I've seen something similar happen when overloading IP addresses on the
same machine interface. The system will accept incoming packets on
either IP address but the reply packet is from the first (top) IP
address in the routing table. This happens even if you have yyy and zzz
on different subnets and overload the IP address on the gateway and make
sure subnets match - the traffic originating on the server still goes
out the first address in the stack. Best to get rid of the IP
overloading on the server. You can also try to set a different priority
on each IP subnet and aim them at different gateways.

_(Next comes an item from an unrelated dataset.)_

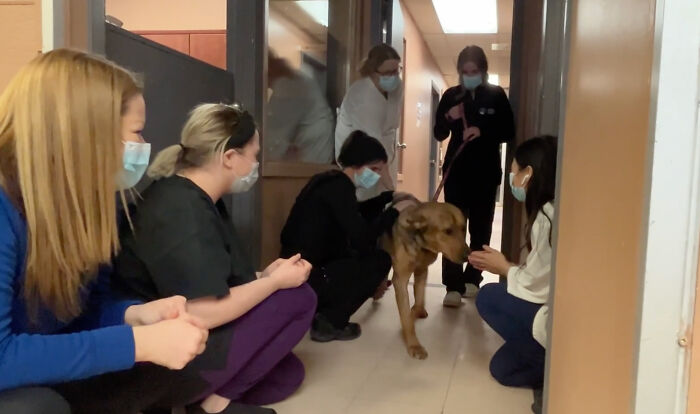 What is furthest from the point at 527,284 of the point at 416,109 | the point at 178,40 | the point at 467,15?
the point at 416,109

This is different from the problem where the FTP command connection is
on one IP/port connection while FTP data is on another IP/Port pair. A
poorly designed load balancing cluster might also be the culprit. PASV
might help this, if it's supported. A more common FTP implementation
from the server/cluster would be preferable or you can manually open
ports on the firewall. With a stateful inspection firewall with a
command language (FW-1) you could also try to code your own stateful FTP
rule (my least favorite solution.)
Adam Safier, Network Engineering Security Consultant
GE Information Services, Inc.
401 North Washington St., Rockville, Md. 20850
Ph: 301-340-5737 Internal: 8*273-5737 Fax: 301-340-4005
I'm proud to live in a country where I can express my personal opinions.
The opinions above may not be shared by my employer.
> -----Original Message-----
> From: dharris @
com [SMTP:dharris @
> Sent: Thursday, October 23, 1997 12:18 PM
> To: mbloomer @
com; sralstin @
com; firewall-wizards @
> firewalls @
> Cc: cbailey @
com; dmchugh @
> Subject: New ftp behavior
> This one is new to me so I don't know what to do about it.
> I had a customer trying to use Netscape Navigator to download a file
> through an ftp:// URL on a Web page at a vendor site. They received
> FTP File Transfer Failed: The FTP request could not be completed
> the server is responding in an insecure manner.
> I checked the logs and discovered that, although the original ftp
> connection was made to xxx.xxx.xxx.yyy, the response was coming from
> xxx.xxx.xxx.zzz. The firewall very properly considered this an
> attempt to
> hijack an open port and closed the ftp transaction.
> What causes the remote site to behave this way? It looks like the
> portion of the ftp transaction is done with xxx.xxx.xxx.yyy while the
> portion is done with xxx.xxx.xxx.zzz. Maybe this is done for
> but it sure doesn't get past MY firewall.